(Stored data)
════════

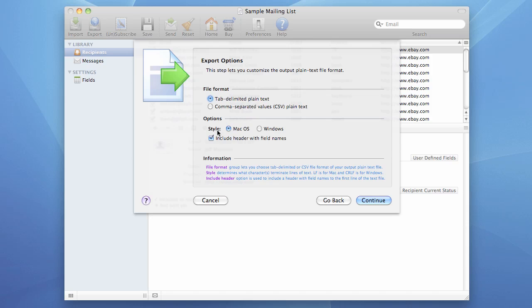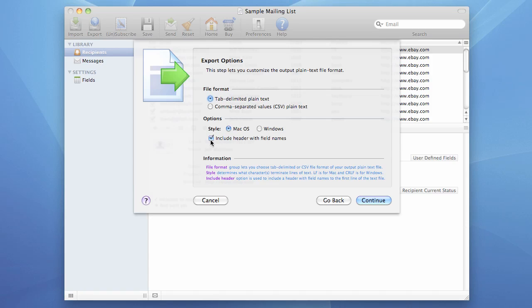The next group of options lets us produce a file which is going to be compatible with Mac OS or with Windows. I want it to be compatible with Mac OS, so I choose the first option. And the next checkbox lets us include field names in the first line of our text file. And I want this option.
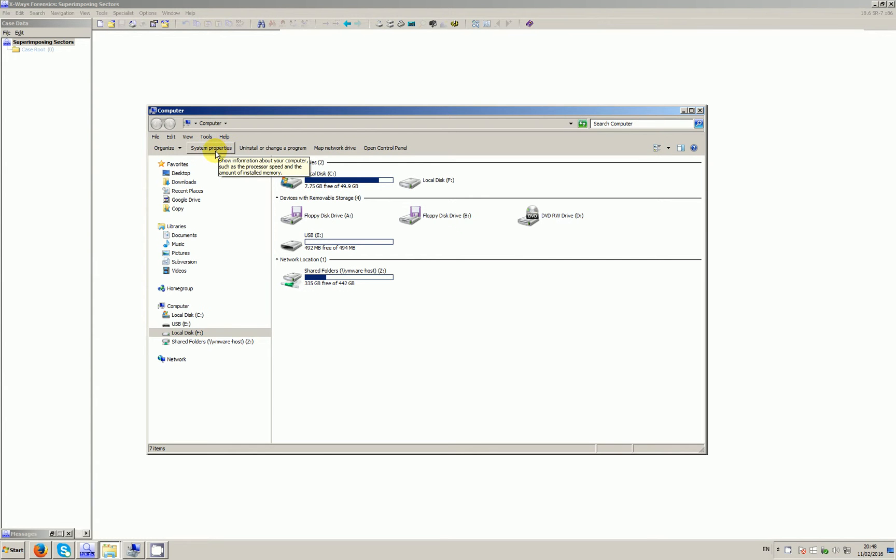Okay, so video 51. What I want to demonstrate today is the ability in X-Ways Forensics to superimpose sectors. Superimpose sectors is an exciting addition to X-Ways Forensics that was added probably a couple of years ago. I'm going to demonstrate it with version 18.6, but I think it's been available at least 18 months, possibly two years.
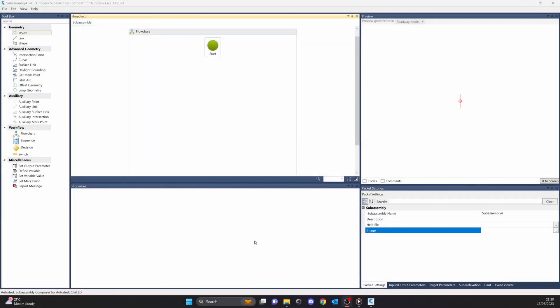Hi, my name is Lembit and this is part one of my SubAssembly Composer course. Today I'm going to cover the SubAssembly Composer interface. Let's get started.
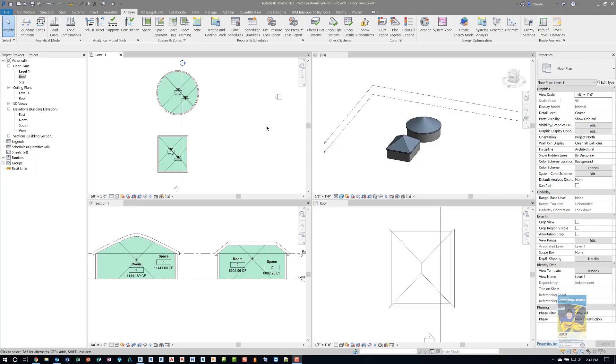This is a quick video within Revit 2020 in regards to a request by an end user about adding rooms and or spaces in a Revit project that has a domed roof.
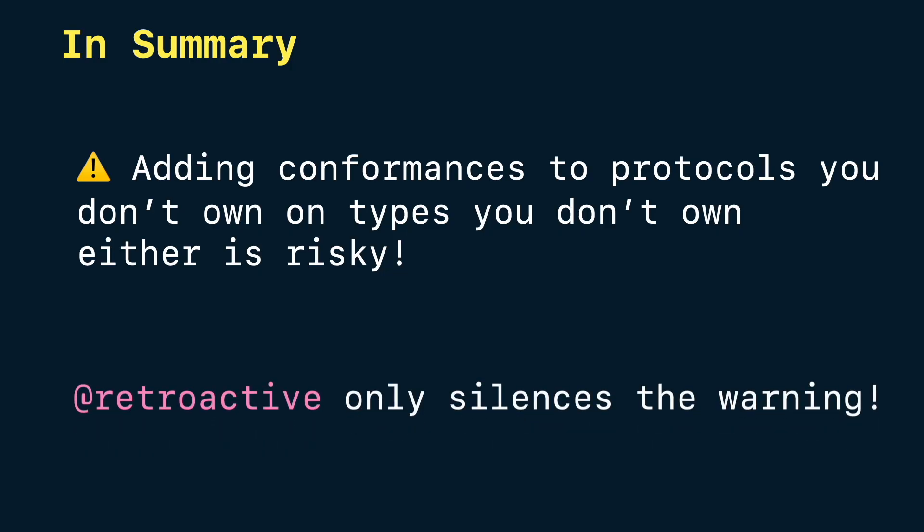Retroactive only silences the warning, but the real lesson is to make your code bulletproof for the future.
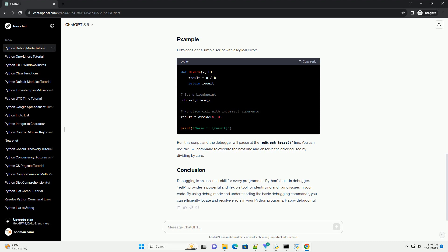Once your script is running in debug mode, you can use various commands to navigate through the code and inspect variables. Here are some basic commands.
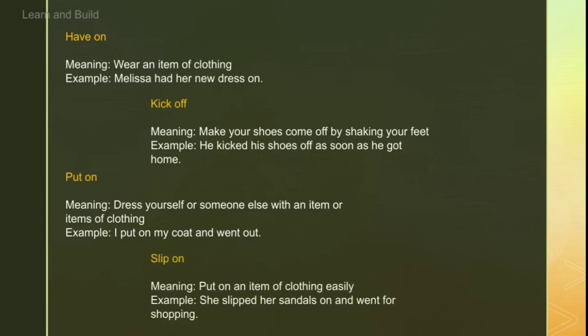Next is 'slip on'. Slip on is when we put something on easily — especially sandals or footwear. We use 'slip on' more in the context of footwear because we easily slide our feet in. Generally we use this for footwear. For example: 'She slipped her sandals on and went for shopping.'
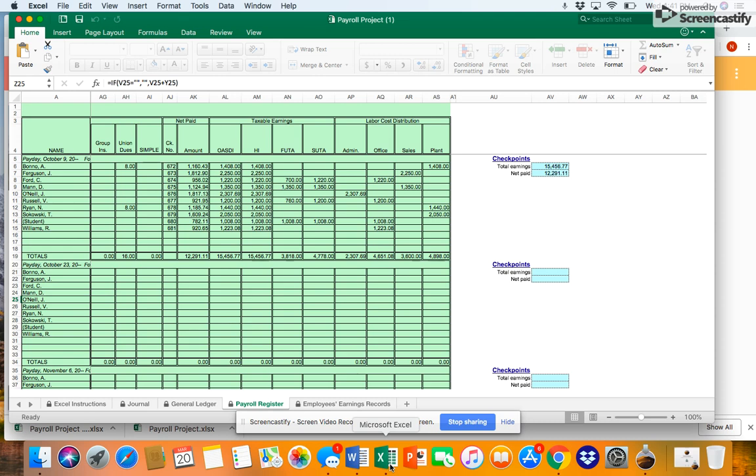Okay, we're back at the payroll register. Now you'll notice that I scrolled over a little bit. We're kind of over in this section of it now.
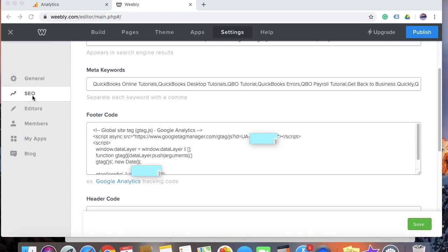Once you have clicked on SEO, you will see something which says Footer Code, and here you'll also see Google Analytics tracking code. Go ahead and paste the tracking code which you have copied from the Google Analytics page. Once you paste it here, go ahead and click on Save at the very bottom right.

════════

• [Task statement]: When you repeat the data, keep every line exact and drop the images.

• [Reply to the task]:
The next group of options lets us produce a file which is going to be compatible with Mac OS or with Windows. I want it to be compatible with Mac OS, so I choose the first option. And the next checkbox lets us include field names in the first line of our text file. And I want this option.
Okay, so video 51. What I want to demonstrate today is the ability in X-Ways Forensics to superimpose sectors. Superimpose sectors is an exciting addition to X-Ways Forensics that was added probably a couple of years ago. I'm going to demonstrate it with version 18.6, but I think it's been available at least 18 months, possibly two years.
Hi, my name is Lembit and this is part one of my SubAssembly Composer course. Today I'm going to cover the SubAssembly Composer interface. Let's get started.
This is a quick video within Revit 2020 in regards to a request by an end user about adding rooms and or spaces in a Revit project that has a domed roof.
Retroactive only silences the warning, but the real lesson is to make your code bulletproof for the future.
Once your script is running in debug mode, you can use various commands to navigate through the code and inspect variables. Here are some basic commands.
Next is 'slip on'. Slip on is when we put something on easily — especially sandals or footwear. We use 'slip on' more in the context of footwear because we easily slide our feet in. Generally we use this for footwear. For example: 'She slipped her sandals on and went for shopping.'
Okay, we're back at the payroll register. Now you'll notice that I scrolled over a little bit. We're kind of over in this section of it now.
Once you have clicked on SEO, you will see something which says Footer Code, and here you'll also see Google Analytics tracking code. Go ahead and paste the tracking code which you have copied from the Google Analytics page. Once you paste it here, go ahead and click on Save at the very bottom right.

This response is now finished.